A research project is typically composed of three types of items: Writing, Data, and Analysis scripts (WDA). Most people keep multiple versions of all of these item types, possibily in many locations on their computer. This can render the links between your WDA fragile if not even broken (i.e.; have you ever tried replicating a specific test statistic from a previous research project?). When the links between your WDA are weak (or broken), it is almost impossible to share your data with fellow scientists, or for your future self to be able to understand what the heck you did when you worked on that project in the past.
An R package is one method keep a strong link between your WDA. Storing your writing, data and analysis in an R package allows you to store everything in one file.
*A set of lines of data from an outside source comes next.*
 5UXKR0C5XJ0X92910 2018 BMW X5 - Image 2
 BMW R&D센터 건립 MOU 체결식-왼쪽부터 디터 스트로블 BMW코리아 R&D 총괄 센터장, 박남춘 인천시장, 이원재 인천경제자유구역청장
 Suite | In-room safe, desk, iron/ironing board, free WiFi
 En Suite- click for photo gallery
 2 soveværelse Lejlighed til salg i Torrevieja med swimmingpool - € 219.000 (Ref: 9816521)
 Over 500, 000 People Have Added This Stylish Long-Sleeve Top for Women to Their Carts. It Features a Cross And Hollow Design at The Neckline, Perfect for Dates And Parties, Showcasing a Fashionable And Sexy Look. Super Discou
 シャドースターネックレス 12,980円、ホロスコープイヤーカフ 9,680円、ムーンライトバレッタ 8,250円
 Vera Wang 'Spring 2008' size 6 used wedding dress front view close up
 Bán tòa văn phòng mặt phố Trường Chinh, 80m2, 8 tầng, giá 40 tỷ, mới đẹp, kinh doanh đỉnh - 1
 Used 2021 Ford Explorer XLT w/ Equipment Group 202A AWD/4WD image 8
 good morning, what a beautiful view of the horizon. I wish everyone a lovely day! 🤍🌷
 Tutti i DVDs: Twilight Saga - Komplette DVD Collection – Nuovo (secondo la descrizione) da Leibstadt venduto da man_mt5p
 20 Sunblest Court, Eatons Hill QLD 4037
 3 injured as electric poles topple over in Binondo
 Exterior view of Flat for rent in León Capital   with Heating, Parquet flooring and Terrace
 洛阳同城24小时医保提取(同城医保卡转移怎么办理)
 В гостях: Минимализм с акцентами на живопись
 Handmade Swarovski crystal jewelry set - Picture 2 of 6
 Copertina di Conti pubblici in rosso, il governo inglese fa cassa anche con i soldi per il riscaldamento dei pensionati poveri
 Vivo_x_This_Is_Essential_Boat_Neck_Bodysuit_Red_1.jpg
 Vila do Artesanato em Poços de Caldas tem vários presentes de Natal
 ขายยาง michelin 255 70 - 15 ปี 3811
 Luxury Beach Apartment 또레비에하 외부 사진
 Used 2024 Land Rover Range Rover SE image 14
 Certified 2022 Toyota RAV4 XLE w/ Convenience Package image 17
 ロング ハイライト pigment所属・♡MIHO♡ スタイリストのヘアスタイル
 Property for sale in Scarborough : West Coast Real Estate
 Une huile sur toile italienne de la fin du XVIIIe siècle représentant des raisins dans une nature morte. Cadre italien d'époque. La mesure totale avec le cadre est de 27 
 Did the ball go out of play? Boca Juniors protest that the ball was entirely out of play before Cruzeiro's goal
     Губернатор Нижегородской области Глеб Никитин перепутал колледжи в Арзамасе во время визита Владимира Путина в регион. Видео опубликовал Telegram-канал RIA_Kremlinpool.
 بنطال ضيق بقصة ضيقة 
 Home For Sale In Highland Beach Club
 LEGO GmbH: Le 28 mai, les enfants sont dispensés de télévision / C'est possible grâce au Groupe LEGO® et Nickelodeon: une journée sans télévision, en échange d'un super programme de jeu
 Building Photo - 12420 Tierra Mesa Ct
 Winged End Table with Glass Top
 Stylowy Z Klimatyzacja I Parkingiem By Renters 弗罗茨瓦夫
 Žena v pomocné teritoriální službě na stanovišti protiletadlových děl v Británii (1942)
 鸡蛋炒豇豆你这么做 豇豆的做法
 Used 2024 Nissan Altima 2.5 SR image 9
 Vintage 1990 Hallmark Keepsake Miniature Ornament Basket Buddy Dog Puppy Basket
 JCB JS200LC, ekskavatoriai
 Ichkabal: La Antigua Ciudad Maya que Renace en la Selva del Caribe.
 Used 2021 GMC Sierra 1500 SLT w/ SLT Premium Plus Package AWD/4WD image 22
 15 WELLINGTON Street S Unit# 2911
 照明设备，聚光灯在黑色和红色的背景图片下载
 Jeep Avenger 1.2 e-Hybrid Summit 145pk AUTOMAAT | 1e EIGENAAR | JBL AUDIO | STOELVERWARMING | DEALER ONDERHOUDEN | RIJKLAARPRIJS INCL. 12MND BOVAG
If you put the file online, then you (or anyone else) can access your WPA from Rtudio with one line of code.
In addition to storing your WDA, R packages allow you can to write vignettes (aka, tutorials) that provide guidelines for others (and your future self!) to understand and use your data accurately.
Before you do anything else, make sure you’ve got the latest versions of R and RStudio installed!
Let’s start by looking at a research R-package in action. I created an R-package called phillips2017cognition that contains the WDaA of a fictional future study.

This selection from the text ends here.